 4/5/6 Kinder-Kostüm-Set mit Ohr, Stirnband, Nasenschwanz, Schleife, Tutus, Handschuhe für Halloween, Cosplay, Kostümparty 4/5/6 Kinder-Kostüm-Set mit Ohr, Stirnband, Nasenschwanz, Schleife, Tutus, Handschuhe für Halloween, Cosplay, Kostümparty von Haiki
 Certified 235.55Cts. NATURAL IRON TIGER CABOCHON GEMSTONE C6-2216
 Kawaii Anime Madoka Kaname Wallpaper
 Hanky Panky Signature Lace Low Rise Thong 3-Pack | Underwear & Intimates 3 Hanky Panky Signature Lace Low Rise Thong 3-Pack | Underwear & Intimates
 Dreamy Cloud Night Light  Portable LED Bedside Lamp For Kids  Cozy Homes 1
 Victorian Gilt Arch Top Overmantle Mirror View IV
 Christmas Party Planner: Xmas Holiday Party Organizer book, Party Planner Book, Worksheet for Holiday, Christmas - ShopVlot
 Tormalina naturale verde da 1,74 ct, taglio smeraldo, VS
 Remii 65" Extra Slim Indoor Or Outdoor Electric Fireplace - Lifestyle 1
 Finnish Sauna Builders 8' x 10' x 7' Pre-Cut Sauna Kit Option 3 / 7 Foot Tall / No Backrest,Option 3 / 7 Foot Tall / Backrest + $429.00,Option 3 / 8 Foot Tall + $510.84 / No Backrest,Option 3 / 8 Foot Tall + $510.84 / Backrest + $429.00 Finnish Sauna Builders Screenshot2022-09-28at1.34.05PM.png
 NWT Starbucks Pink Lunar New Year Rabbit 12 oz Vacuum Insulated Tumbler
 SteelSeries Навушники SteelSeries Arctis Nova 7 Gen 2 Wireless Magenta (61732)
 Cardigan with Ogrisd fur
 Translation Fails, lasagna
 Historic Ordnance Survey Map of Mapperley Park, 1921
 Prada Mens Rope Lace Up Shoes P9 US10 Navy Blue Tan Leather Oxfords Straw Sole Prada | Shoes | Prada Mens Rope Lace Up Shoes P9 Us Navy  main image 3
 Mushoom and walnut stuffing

What you have to do >>
Copy every line above exactly.

The answer >>
 4/5/6 Kinder-Kostüm-Set mit Ohr, Stirnband, Nasenschwanz, Schleife, Tutus, Handschuhe für Halloween, Cosplay, Kostümparty 4/5/6 Kinder-Kostüm-Set mit Ohr, Stirnband, Nasenschwanz, Schleife, Tutus, Handschuhe für Halloween, Cosplay, Kostümparty von Haiki
 Certified 235.55Cts. NATURAL IRON TIGER CABOCHON GEMSTONE C6-2216
 Kawaii Anime Madoka Kaname Wallpaper
 Hanky Panky Signature Lace Low Rise Thong 3-Pack | Underwear & Intimates 3 Hanky Panky Signature Lace Low Rise Thong 3-Pack | Underwear & Intimates
 Dreamy Cloud Night Light  Portable LED Bedside Lamp For Kids  Cozy Homes 1
 Victorian Gilt Arch Top Overmantle Mirror View IV
 Christmas Party Planner: Xmas Holiday Party Organizer book, Party Planner Book, Worksheet for Holiday, Christmas - ShopVlot
 Tormalina naturale verde da 1,74 ct, taglio smeraldo, VS
 Remii 65" Extra Slim Indoor Or Outdoor Electric Fireplace - Lifestyle 1
 Finnish Sauna Builders 8' x 10' x 7' Pre-Cut Sauna Kit Option 3 / 7 Foot Tall / No Backrest,Option 3 / 7 Foot Tall / Backrest + $429.00,Option 3 / 8 Foot Tall + $510.84 / No Backrest,Option 3 / 8 Foot Tall + $510.84 / Backrest + $429.00 Finnish Sauna Builders Screenshot2022-09-28at1.34.05PM.png
 NWT Starbucks Pink Lunar New Year Rabbit 12 oz Vacuum Insulated Tumbler
 SteelSeries Навушники SteelSeries Arctis Nova 7 Gen 2 Wireless Magenta (61732)
 Cardigan with Ogrisd fur
 Translation Fails, lasagna
 Historic Ordnance Survey Map of Mapperley Park, 1921
 Prada Mens Rope Lace Up Shoes P9 US10 Navy Blue Tan Leather Oxfords Straw Sole Prada | Shoes | Prada Mens Rope Lace Up Shoes P9 Us Navy  main image 3
 Mushoom and walnut stuffing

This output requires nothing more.